BAM collar positions are structurally neutral (protective); the modeled P&L assumes European-style exercise at expiration and ignores early assignment, transaction costs, dividends paid before expiry on the stock leg (when present), and the bid-ask spread on the listed chain. BAM positions also carry Financial Services sector concentration risk; news flow inside the sector (peer earnings, regulatory shifts, supply-chain headlines) can move BAM alongside the broader basket even when BAM-specific fundamentals are unchanged. Always rebuild the position from current BAM chain quotes before placing a trade.

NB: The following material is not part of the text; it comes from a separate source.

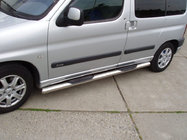 Citroen Berlingo 1996–2008 Sidebars (2 stuks, RVS) Ø70, met kunststof steunen foto 1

Frequently asked questions
- What is a collar on BAM?
- A collar on BAM is the collar strategy applied to BAM (stock). The strategy is structurally neutral (protective): A collar pairs long stock with a protective out-of-the-money put financed by a short out-of-the-money call, capping both tails of the position around the current spot. With BAM stock trading near $48.12, the strikes shown on this page are snapped to the nearest listed BAM chain strike and the premiums come straight from the end-of-day bid/ask midpoint.
- How are BAM collar max profit and max loss calculated?
- Max profit roughly equals short-call strike minus cost basis plus net premium; max loss roughly equals cost basis minus long-put strike minus net premium. Breakeven shifts by the net premium. For the BAM collar priced from the end-of-day chain at a 30-day expiry (ATM IV 32.50%), the computed maximum profit is $233.00 per contract and the computed maximum loss is -$267.00 per contract. Live intraday quotes will differ as the chain moves through the trading session.
- What is the breakeven for a BAM collar?
- The breakeven for the BAM collar priced on this page is roughly $47.67 at expiration, derived from end-of-day chain premiums. Breakeven is the underlying price at which the strategy's P&L crosses zero ignoring transaction costs and assignment risk. The current BAM market-implied 1-standard-deviation expected move is approximately 9.32%; if the move sits well outside the breakeven distance, the structure's risk-reward becomes correspondingly tighter.
- When should you consider a collar on BAM?
- Collars on BAM hedge an existing long BAM stock position; the long put sets a floor while the short call finances it, often run as a near-zero-cost hedge during expected volatility windows.
- How does current BAM implied volatility affect this collar?
- BAM ATM IV is at 32.50% with IV rank near 37.00%, which is mid-range against its 1-year history. Strategy selection depends more on directional thesis and expected move than on a strong IV signal.